Rabbi Meir Orlian
The Mandels lived in a rented apartment, on a shoestring budget. Although both Mr. and Mrs. Mandel worked, they were unable to make ends meet, and their debt was steadily increasing. Recently, they had started receiving food packages from the local tzedakah organization.
One summer, the Mandels’ washing machine and refrigerator stopped working within days of each other. “How are we going to find the money to fix them?” Mrs. Mandel said to her husband worriedly. “We have to pay rent in a week, and I don’t know how we’ll cover even that!”
Mr. Mandel contacted Mr. Fixler, an appliance repairman. “How much would it cost to repair our washing machine and fridge?” he asked.
“It depends on the problem, obviously,” replied Mr. Fixler. “I would estimate that the visit and repairs would come to about $350 plus parts.”
“That’s a lot for me,” said Mr. Mandel. “I’ll have to check around.”
That evening, Mr. Mandel approached a local gabbai tzedakah. “Do you know of anyone who would be willing to help us cover the appliance repairs?” he asked.
“I’ll see what I can do,” the gabbai replied.
The gabbai’s first phone call was to Mr. Fixler. “Mr. Mandel shared his predicament with me,” he said. “He has no money for these repairs. Would you consider doing the work as a favor to him?”
“This is my parnassah,” Mr. Fixler answered, “and if I start doing favors for everybody, I’ll have no business. If I can consider the work as tzedakah and deduct it from my maaser kesafim, though, then there’s what to talk about.”
“I can’t rule for you,” said the gabbai, but I’m happy to put you in touch with Rabbi Dayan with this question.
May Mr. Fixler perform the repairs for the Mandels free of charge and deduct his charge for those repairs from his maaser kesafim?

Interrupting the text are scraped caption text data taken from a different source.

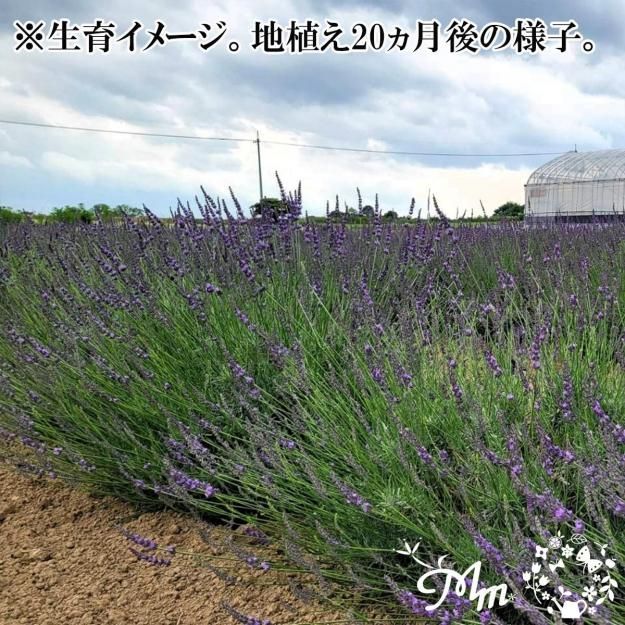 強健で育てやすい】ラベンダー：フェノミナル9㎝ロングポット苗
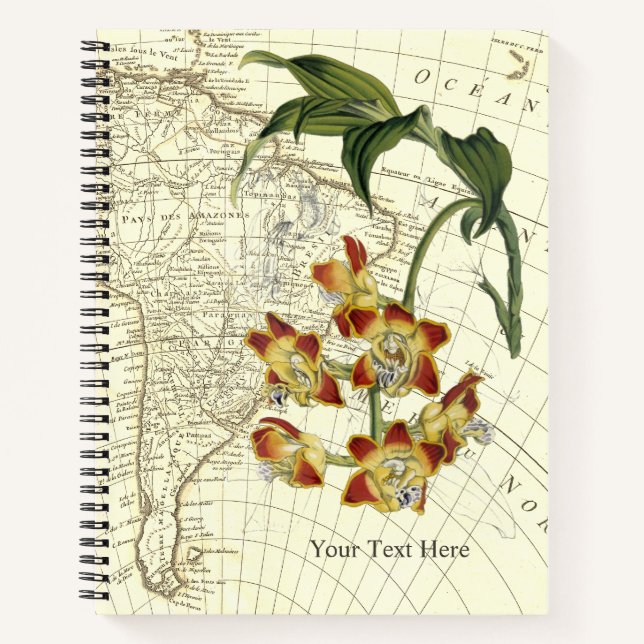 Golden Orchid Explorer-Notebook Notizbuch (Vorderseite)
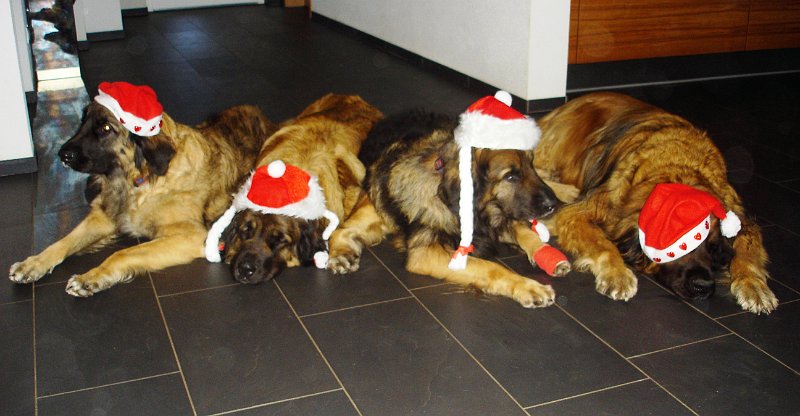 Hunde3347.JPG - Die Begeisterung steht den Darstellern ins Gesicht geschrieben....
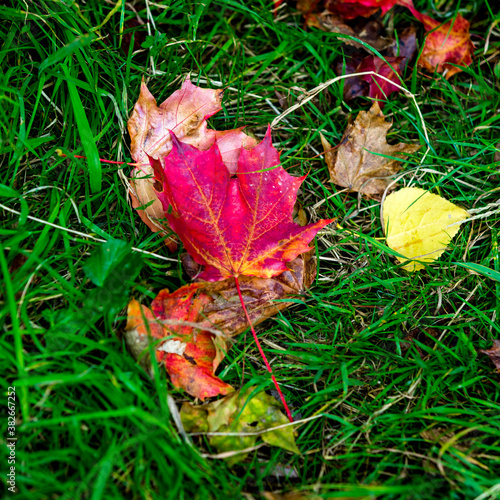 red maple leaves on a green grass - the first sign of fall -autumn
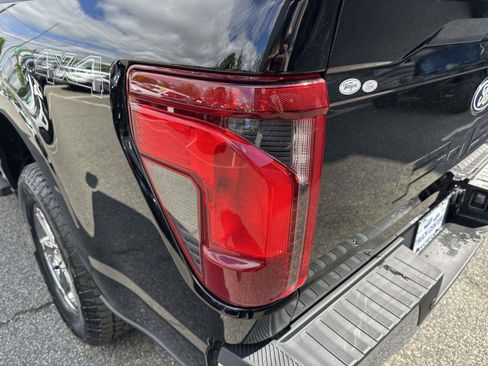 Used 2025 Ford F150 XLT w/ Equipment Group 301A Standard AWD/4WD image 10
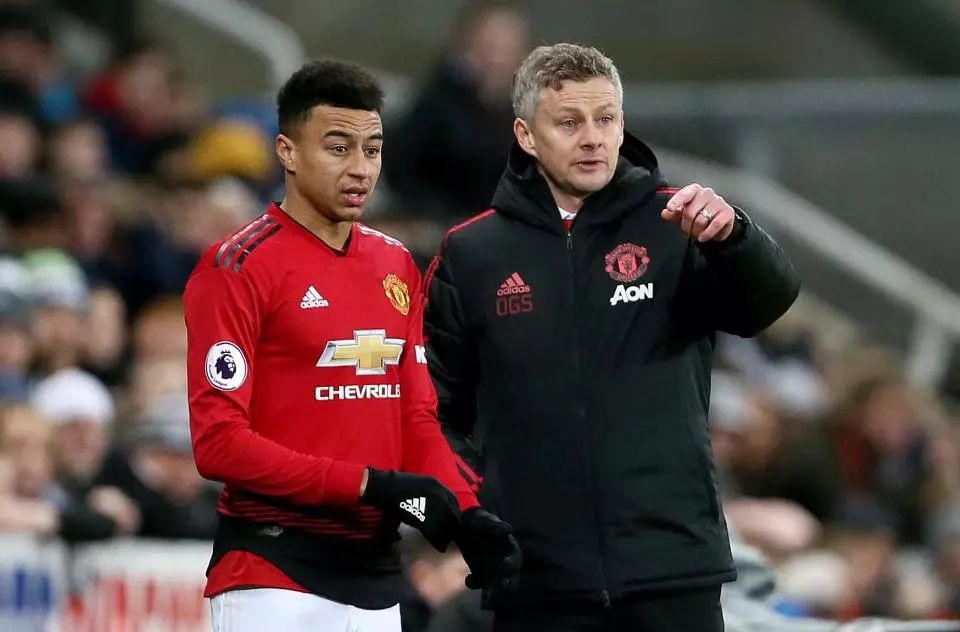 洛普的领导 洛普的领导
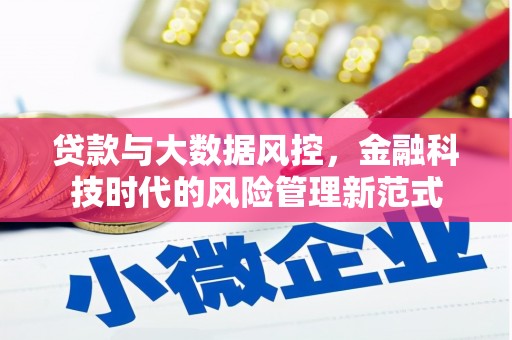 龙口贷款与大数据风控，金融科技时代的风险管理新范式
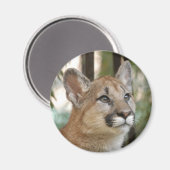 Aimant cougarCub5-10x10 (Recto/Verso)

The Gemara (Kiddushin 8a, 63a) teaches that something that has monetary value has the same status as money. Therefore, a person can purchase real estate or betroth a woman not only with money (kesef), but also with items worth money, such as a ring. Service is also considered of monetary value, but cannot be used to betroth for a technical reason (E.H. 27:1, 38:13; Aruch Hashulchan, C.M. 190:22; Pischei Choshen, Kinyanim 3:).
Accordingly, the obligation of maaser kesafim may be fulfilled not only through money, but also through goods and services that are worth money. If a professional provides a service pro bono, he may deduct the price of that service from his maaser; if the service does not have a set price, he may deduct only what he would have charged the recipient (Maaser Kesafim 7:1-2; Tzedakah U’mishpat 5:).
Maharil Diskin (Responsa #23-24) writes that even if the professional committed to working pro bono without intending to deduct the price of the work from maaser kesafim, he may still declare, before doing the job, that this will count toward his maaser.
However, if he already did the work as a favor, it is doubtful whether he is permitted to retroactively deduct the cost from maaser. That is because we have a mitzvah of gemilus chessed through action, in addition to the mitzvah of tzedakah. Therefore, if a person already helped someone without intending that the monetary value of his assistance should be counted as charity, it is considered an act of gemilus chassadim, and might not be countable toward maaser kesafim (see Taz, Y.D. 249:1.).
Harav Moshe Feinstein ruled that for a professional to count his pro bono work as maaser kesafim, he must draft a bill and then cancel it. Some explain that this is because the service must have a quantified, realistic value in order for it to be equivalent to money. Harav Shlomo Zalman Auerbach allowed only nine-tenths of the value of the work to be deducted from maaser, since one-tenth of the wages would have gone to maaser, anyway. Others, however, do not make these distinctions (Maaser Kesafim 7:; Hilchos Tzedakah, p. 104).
Ruling: Mr. Fixler may consider the repairs he performs for the Mandels as tzedakah and deduct what he would realistically charge for such work from maaser kesafim, if done with this intent.